-- Opening Marker --

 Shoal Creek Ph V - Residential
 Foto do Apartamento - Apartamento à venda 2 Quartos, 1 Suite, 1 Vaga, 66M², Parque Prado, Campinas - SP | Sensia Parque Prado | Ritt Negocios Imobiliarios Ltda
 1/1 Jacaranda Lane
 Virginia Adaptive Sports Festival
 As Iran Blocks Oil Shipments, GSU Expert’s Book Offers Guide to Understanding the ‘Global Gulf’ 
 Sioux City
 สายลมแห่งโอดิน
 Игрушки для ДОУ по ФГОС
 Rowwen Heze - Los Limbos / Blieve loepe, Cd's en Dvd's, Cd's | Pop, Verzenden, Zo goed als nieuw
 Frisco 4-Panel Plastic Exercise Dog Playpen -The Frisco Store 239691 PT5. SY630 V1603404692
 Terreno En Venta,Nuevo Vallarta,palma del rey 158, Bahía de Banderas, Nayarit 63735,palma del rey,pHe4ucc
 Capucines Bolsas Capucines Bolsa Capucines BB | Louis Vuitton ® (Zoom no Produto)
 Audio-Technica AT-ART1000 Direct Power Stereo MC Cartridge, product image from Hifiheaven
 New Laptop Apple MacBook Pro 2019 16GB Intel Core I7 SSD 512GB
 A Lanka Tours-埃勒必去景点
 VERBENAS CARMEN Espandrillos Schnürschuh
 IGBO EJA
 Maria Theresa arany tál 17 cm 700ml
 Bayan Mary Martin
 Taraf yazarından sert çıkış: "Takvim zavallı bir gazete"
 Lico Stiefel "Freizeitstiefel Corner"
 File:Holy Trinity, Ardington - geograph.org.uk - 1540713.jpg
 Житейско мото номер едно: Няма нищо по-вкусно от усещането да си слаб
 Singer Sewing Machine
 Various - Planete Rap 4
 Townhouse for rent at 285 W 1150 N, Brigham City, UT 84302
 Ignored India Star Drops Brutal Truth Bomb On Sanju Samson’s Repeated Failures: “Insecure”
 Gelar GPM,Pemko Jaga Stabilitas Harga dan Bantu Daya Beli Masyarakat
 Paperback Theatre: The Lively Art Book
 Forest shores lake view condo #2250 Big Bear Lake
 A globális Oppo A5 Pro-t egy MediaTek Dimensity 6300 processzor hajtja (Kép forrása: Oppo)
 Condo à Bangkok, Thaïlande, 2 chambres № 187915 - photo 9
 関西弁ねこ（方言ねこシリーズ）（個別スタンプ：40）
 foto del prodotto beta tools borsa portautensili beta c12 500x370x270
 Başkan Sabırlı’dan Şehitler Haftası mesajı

-- Closing Marker --

Your answer is to contain exactly the lines from the one holding "Terreno En Venta,Nuevo" to the end of the entries, with no other line.

• Written answer:
 Terreno En Venta,Nuevo Vallarta,palma del rey 158, Bahía de Banderas, Nayarit 63735,palma del rey,pHe4ucc
 Capucines Bolsas Capucines Bolsa Capucines BB | Louis Vuitton ® (Zoom no Produto)
 Audio-Technica AT-ART1000 Direct Power Stereo MC Cartridge, product image from Hifiheaven
 New Laptop Apple MacBook Pro 2019 16GB Intel Core I7 SSD 512GB
 A Lanka Tours-埃勒必去景点
 VERBENAS CARMEN Espandrillos Schnürschuh
 IGBO EJA
 Maria Theresa arany tál 17 cm 700ml
 Bayan Mary Martin
 Taraf yazarından sert çıkış: "Takvim zavallı bir gazete"
 Lico Stiefel "Freizeitstiefel Corner"
 File:Holy Trinity, Ardington - geograph.org.uk - 1540713.jpg
 Житейско мото номер едно: Няма нищо по-вкусно от усещането да си слаб
 Singer Sewing Machine
 Various - Planete Rap 4
 Townhouse for rent at 285 W 1150 N, Brigham City, UT 84302
 Ignored India Star Drops Brutal Truth Bomb On Sanju Samson’s Repeated Failures: “Insecure”
 Gelar GPM,Pemko Jaga Stabilitas Harga dan Bantu Daya Beli Masyarakat
 Paperback Theatre: The Lively Art Book
 Forest shores lake view condo #2250 Big Bear Lake
 A globális Oppo A5 Pro-t egy MediaTek Dimensity 6300 processzor hajtja (Kép forrása: Oppo)
 Condo à Bangkok, Thaïlande, 2 chambres № 187915 - photo 9
 関西弁ねこ（方言ねこシリーズ）（個別スタンプ：40）
 foto del prodotto beta tools borsa portautensili beta c12 500x370x270
 Başkan Sabırlı’dan Şehitler Haftası mesajı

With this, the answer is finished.